§ **Aim of the exercise**
Set down all of the records exactly.

§ **Data for review**
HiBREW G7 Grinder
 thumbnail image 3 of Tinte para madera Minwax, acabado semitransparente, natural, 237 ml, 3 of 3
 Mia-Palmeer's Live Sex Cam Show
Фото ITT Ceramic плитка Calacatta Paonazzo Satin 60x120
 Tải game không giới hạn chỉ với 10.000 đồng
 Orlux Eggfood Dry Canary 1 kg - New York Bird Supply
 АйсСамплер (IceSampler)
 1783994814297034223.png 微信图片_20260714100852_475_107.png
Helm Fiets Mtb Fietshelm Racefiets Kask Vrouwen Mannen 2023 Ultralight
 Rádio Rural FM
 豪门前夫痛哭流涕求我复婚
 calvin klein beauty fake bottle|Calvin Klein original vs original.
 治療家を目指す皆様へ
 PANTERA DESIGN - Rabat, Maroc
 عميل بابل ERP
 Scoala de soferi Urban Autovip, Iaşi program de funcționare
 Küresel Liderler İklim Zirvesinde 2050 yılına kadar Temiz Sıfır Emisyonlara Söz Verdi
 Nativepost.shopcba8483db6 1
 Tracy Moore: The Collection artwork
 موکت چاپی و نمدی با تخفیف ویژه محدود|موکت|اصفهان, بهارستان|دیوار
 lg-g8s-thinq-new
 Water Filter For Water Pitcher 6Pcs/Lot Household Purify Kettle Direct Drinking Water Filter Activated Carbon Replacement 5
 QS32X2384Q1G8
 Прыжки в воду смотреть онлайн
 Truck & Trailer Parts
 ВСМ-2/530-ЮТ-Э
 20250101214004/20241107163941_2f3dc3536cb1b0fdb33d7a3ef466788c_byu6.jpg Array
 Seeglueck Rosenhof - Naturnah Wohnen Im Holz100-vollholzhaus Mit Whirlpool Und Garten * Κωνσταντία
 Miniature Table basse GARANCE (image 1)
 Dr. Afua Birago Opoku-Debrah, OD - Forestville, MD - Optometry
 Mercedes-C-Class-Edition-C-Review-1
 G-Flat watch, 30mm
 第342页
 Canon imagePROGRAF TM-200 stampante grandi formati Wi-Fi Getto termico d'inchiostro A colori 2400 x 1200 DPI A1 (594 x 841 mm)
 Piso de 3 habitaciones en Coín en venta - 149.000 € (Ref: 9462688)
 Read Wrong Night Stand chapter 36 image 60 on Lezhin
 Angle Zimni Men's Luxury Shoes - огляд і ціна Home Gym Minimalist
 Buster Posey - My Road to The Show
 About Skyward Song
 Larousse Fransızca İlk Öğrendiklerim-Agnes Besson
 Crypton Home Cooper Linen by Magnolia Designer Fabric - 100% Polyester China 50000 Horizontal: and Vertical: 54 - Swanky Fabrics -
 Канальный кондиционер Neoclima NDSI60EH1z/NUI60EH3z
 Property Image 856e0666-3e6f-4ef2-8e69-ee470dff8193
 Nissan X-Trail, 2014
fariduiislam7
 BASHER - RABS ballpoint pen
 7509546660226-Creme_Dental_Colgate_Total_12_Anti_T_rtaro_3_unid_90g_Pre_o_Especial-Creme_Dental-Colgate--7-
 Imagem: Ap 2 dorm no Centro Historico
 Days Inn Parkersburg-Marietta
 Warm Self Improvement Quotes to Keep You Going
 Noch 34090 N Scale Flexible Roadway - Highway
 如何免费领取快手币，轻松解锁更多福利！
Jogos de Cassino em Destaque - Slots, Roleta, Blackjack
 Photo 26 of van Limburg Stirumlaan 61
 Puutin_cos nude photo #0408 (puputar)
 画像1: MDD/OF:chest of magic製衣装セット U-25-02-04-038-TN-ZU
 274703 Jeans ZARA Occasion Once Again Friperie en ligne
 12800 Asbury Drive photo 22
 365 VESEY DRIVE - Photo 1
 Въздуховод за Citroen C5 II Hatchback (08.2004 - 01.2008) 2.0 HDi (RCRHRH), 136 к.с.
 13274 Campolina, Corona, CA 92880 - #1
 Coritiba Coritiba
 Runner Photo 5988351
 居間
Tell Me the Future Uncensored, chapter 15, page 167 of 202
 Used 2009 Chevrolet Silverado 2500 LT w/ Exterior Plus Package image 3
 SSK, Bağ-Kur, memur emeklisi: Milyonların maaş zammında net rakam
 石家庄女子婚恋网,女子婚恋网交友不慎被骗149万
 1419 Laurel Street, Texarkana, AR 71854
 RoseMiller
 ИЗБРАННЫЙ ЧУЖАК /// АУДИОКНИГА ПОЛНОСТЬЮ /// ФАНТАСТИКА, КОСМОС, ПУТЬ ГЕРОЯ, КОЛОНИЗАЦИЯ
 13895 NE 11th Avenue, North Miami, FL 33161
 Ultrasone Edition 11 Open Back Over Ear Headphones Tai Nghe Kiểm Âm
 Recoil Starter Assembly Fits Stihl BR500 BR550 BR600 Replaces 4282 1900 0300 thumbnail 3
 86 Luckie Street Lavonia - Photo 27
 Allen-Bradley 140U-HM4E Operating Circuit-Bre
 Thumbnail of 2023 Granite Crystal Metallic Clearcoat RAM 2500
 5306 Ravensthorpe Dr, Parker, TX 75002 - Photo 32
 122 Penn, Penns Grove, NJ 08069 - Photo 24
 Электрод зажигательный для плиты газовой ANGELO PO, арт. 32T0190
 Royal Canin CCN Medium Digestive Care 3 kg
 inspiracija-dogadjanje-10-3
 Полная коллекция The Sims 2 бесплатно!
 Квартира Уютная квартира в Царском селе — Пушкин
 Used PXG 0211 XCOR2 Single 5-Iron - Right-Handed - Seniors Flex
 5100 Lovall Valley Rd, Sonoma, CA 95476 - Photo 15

§ **Output of the exercise**
HiBREW G7 Grinder
 thumbnail image 3 of Tinte para madera Minwax, acabado semitransparente, natural, 237 ml, 3 of 3
 Mia-Palmeer's Live Sex Cam Show
Фото ITT Ceramic плитка Calacatta Paonazzo Satin 60x120
 Tải game không giới hạn chỉ với 10.000 đồng
 Orlux Eggfood Dry Canary 1 kg - New York Bird Supply
 АйсСамплер (IceSampler)
 1783994814297034223.png 微信图片_20260714100852_475_107.png
Helm Fiets Mtb Fietshelm Racefiets Kask Vrouwen Mannen 2023 Ultralight
 Rádio Rural FM
 豪门前夫痛哭流涕求我复婚
 calvin klein beauty fake bottle|Calvin Klein original vs original.
 治療家を目指す皆様へ
 PANTERA DESIGN - Rabat, Maroc
 عميل بابل ERP
 Scoala de soferi Urban Autovip, Iaşi program de funcționare
 Küresel Liderler İklim Zirvesinde 2050 yılına kadar Temiz Sıfır Emisyonlara Söz Verdi
 Nativepost.shopcba8483db6 1
 Tracy Moore: The Collection artwork
 موکت چاپی و نمدی با تخفیف ویژه محدود|موکت|اصفهان, بهارستان|دیوار
 lg-g8s-thinq-new
 Water Filter For Water Pitcher 6Pcs/Lot Household Purify Kettle Direct Drinking Water Filter Activated Carbon Replacement 5
 QS32X2384Q1G8
 Прыжки в воду смотреть онлайн
 Truck & Trailer Parts
 ВСМ-2/530-ЮТ-Э
 20250101214004/20241107163941_2f3dc3536cb1b0fdb33d7a3ef466788c_byu6.jpg Array
 Seeglueck Rosenhof - Naturnah Wohnen Im Holz100-vollholzhaus Mit Whirlpool Und Garten * Κωνσταντία
 Miniature Table basse GARANCE (image 1)
 Dr. Afua Birago Opoku-Debrah, OD - Forestville, MD - Optometry
 Mercedes-C-Class-Edition-C-Review-1
 G-Flat watch, 30mm
 第342页
 Canon imagePROGRAF TM-200 stampante grandi formati Wi-Fi Getto termico d'inchiostro A colori 2400 x 1200 DPI A1 (594 x 841 mm)
 Piso de 3 habitaciones en Coín en venta - 149.000 € (Ref: 9462688)
 Read Wrong Night Stand chapter 36 image 60 on Lezhin
 Angle Zimni Men's Luxury Shoes - огляд і ціна Home Gym Minimalist
 Buster Posey - My Road to The Show
 About Skyward Song
 Larousse Fransızca İlk Öğrendiklerim-Agnes Besson
 Crypton Home Cooper Linen by Magnolia Designer Fabric - 100% Polyester China 50000 Horizontal: and Vertical: 54 - Swanky Fabrics -
 Канальный кондиционер Neoclima NDSI60EH1z/NUI60EH3z
 Property Image 856e0666-3e6f-4ef2-8e69-ee470dff8193
 Nissan X-Trail, 2014
fariduiislam7
 BASHER - RABS ballpoint pen
 7509546660226-Creme_Dental_Colgate_Total_12_Anti_T_rtaro_3_unid_90g_Pre_o_Especial-Creme_Dental-Colgate--7-
 Imagem: Ap 2 dorm no Centro Historico
 Days Inn Parkersburg-Marietta
 Warm Self Improvement Quotes to Keep You Going
 Noch 34090 N Scale Flexible Roadway - Highway
 如何免费领取快手币，轻松解锁更多福利！
Jogos de Cassino em Destaque - Slots, Roleta, Blackjack
 Photo 26 of van Limburg Stirumlaan 61
 Puutin_cos nude photo #0408 (puputar)
 画像1: MDD/OF:chest of magic製衣装セット U-25-02-04-038-TN-ZU
 274703 Jeans ZARA Occasion Once Again Friperie en ligne
 12800 Asbury Drive photo 22
 365 VESEY DRIVE - Photo 1
 Въздуховод за Citroen C5 II Hatchback (08.2004 - 01.2008) 2.0 HDi (RCRHRH), 136 к.с.
 13274 Campolina, Corona, CA 92880 - #1
 Coritiba Coritiba
 Runner Photo 5988351
 居間
Tell Me the Future Uncensored, chapter 15, page 167 of 202
 Used 2009 Chevrolet Silverado 2500 LT w/ Exterior Plus Package image 3
 SSK, Bağ-Kur, memur emeklisi: Milyonların maaş zammında net rakam
 石家庄女子婚恋网,女子婚恋网交友不慎被骗149万
 1419 Laurel Street, Texarkana, AR 71854
 RoseMiller
 ИЗБРАННЫЙ ЧУЖАК /// АУДИОКНИГА ПОЛНОСТЬЮ /// ФАНТАСТИКА, КОСМОС, ПУТЬ ГЕРОЯ, КОЛОНИЗАЦИЯ
 13895 NE 11th Avenue, North Miami, FL 33161
 Ultrasone Edition 11 Open Back Over Ear Headphones Tai Nghe Kiểm Âm
 Recoil Starter Assembly Fits Stihl BR500 BR550 BR600 Replaces 4282 1900 0300 thumbnail 3
 86 Luckie Street Lavonia - Photo 27
 Allen-Bradley 140U-HM4E Operating Circuit-Bre
 Thumbnail of 2023 Granite Crystal Metallic Clearcoat RAM 2500
 5306 Ravensthorpe Dr, Parker, TX 75002 - Photo 32
 122 Penn, Penns Grove, NJ 08069 - Photo 24
 Электрод зажигательный для плиты газовой ANGELO PO, арт. 32T0190
 Royal Canin CCN Medium Digestive Care 3 kg
 inspiracija-dogadjanje-10-3
 Полная коллекция The Sims 2 бесплатно!
 Квартира Уютная квартира в Царском селе — Пушкин
 Used PXG 0211 XCOR2 Single 5-Iron - Right-Handed - Seniors Flex
 5100 Lovall Valley Rd, Sonoma, CA 95476 - Photo 15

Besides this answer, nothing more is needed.